I am very pleased to share that my final study from my PhD research has now been published in the Journal of Medical Internet Research (JMIR). The findings in relation to online patient feedback do challenge the current narrative in literature, and therefore I’m really pleased the despite the inevitable delays and hurdles, it has finally made it in the public domain. In other news, I am also pleased to share that I am now a fellow of the Higher Education Academy and I have also been accepted as a member of the Q Community.

A copy of the abstract is below and the complete journal can be found here.

Public Awareness, Usage, and Predictors for the Use of Doctor Rating Websites: Cross-Sectional Study in England


Background: With the advent and popularity of social media and consumer rating websites, as well as the emergence of the digitally engaged patient, there has been an increased interest in doctor rating websites or online patient feedback websites, both inside and outside academia. However, there is very little known about how the public across England views such rating websites as a mode to give patient experience feedback.

Objective: The aim of the overall study was to measure and understand public awareness, usage, and attitudes towards doctor rating websites as a mode to give experiential feedback about GPs in general practice in England. This paper reports on the findings of one of the aims of the study, which was to measure public awareness, current usage and future consideration of usage of online patient feedback websites, within the context of other feedback methods, This could allow the value of online patient feedback websites to be determined from the patients’ perspective.

Methods: A mixed methods population questionnaire was designed, validated and implemented face-to-face using a cross-sectional design with a representative sample of the public (n=844) in England. The results of the questionnaire were analyzed using chi-square tests, binomial logistic regressions, and content analysis. The qualitative results will be reported elsewhere.

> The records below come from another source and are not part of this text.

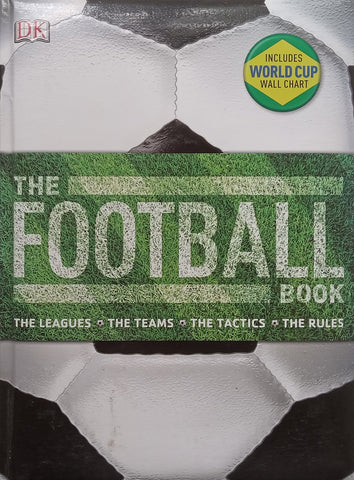 The Football Book: The Leagues, The Teams, The Tactics, The Rules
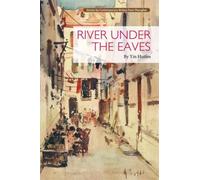 River Under The Eaves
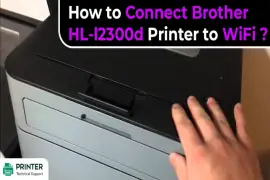 How to Connect Brother HL-l2300d Printer to WiFi?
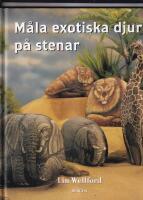 M&aring;la exotiska djur p&aring; stenar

Results: Public awareness of online patient feedback websites as a channel to leave experiential feedback about GPs was found to be low at 15.2% (128/844). However, usage and future consideration to use online patient feedback websites were found to be extremely low, with current patient usage at just 0.4% (3/844), and patient intention to use online patient feedback in the future at 17.8% (150/844). Furthermore, only 4.0-5.0% of those who would consider leaving feedback about a GP in the future selected doctor rating websites as their most preferred method; more than half of patients said they would consider leaving feedback about GPs using another method, but not using an online patient feedback website.

Conclusions: The findings suggest that online patient feedback websites may not be an effective channel for collecting feedback on patient experience in general practice. Feedback on online patient feedback websites is not likely to be representative of the patient experience in the near future, challenging the use of online patient feedback not just as a mode for collecting patient experience data, but for patient choice and monitoring too. We recommend the National Health Service channels its investment and resources towards providing more direct and private feedback methods in general practice (such as opportunities for face-to-face feedback, email-based feedback, and web-based private feedback forms), as these are currently much more likely to be used by the majority of patients in England.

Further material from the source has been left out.